Un carissimo saluto. Domenica scorsa, mentre da voi si festeggiava la vittoria calcistica agli Europei, qui invece la gente scendeva in strada e in piazza a protestare. Praticamente per tutta Cuba. Cosa inedita. Qualcuno mi ha chiamato per avere notizie, anche una radio locale lombarda. Alcuni amici non sapevano niente. Vi raggiungo con qualche notizia, se si riesce, visto che è stata bloccata prima internet, e poi, ristabilita la possibilità di connessione, è stato bloccato WhatsApp. É comunque difficile capire subito il significato e la consistenza reale di questa protesta popolare. Ieri, lunedì, ci siamo ritrovati con il vescovo e i preti, e soprattutto con la condivisione con i preti cubani ho avuto qualche luce su quanto accade. Però bisognerà aspettare, vedere l’evoluzione della cosa.
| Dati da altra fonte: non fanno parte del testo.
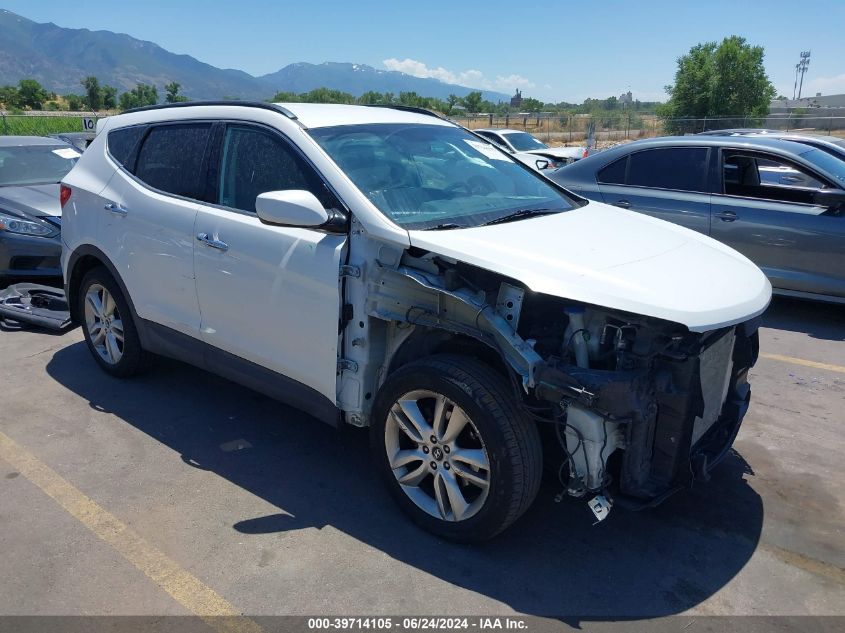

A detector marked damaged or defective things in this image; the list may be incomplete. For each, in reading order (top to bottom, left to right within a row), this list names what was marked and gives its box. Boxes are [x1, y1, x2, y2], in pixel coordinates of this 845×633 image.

damaged front end [356, 249, 760, 520]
I fatti sono che a migliaia sono scesi in strada a protestare, ovunque, in molti posti anche con scontri violenti con la polizia, con arresti: si parla di alcuni morti, ma nessuna informazione ufficiale. Anche qui da me a Contramaestre ci sono stati scontri, con feriti. Il governo sta facendo una maratonica trasmissione televisiva per spiegare alla gente che è tutta opera di infiltrati, orchestrata dagli Usa, invocando la fine dell’embargo e delle sanzioni statunitensi. La realtà è che la situazione ultimamente si era fatta molto pesante, per mancanza di generi di prima necessità, prezzi alti (altissimi al mercato nero), mancanza di medicine, di benzina, la pandemia esplosa terribilmente nelle ultime settimane, la luce tolta dalle quattro alle sei ore al giorno…

La protesta riflette sicuramente il fatto che la gente non ne può più. Però si tratta di capire quanto consistente è questa protesta, nel senso che, tra la gente in strada, erano più i curiosi che filmavano col telefonino quello che succedeva che i contestatori del governo. Si tratta anche di vedere quanta influenza hanno avuto coloro che sono legati ai gruppi anticastristi di Miami e quanto invece è espressione della protesta spontanea della gente. Questa opposizione che si è manifestata spontaneamente domenica non è organizzata in un movimento, non ci sono quindi rappresentanti che possano interloquire con il governo, non si capisce come sarebbe possibile un dialogo. Anche perché qui c’è un partito unico, e nessun tipo di aggregazione politico sociale che possa veicolare una critica al governo. Come risposta alla contestazione, il presidente ha chiamato i rivoluzionari e gli aderenti al partito a scendere a loro volta in piazza e in strada per fare una contro-manifestazione. Il pericolo di scontri violenti quindi non è solo con la polizia.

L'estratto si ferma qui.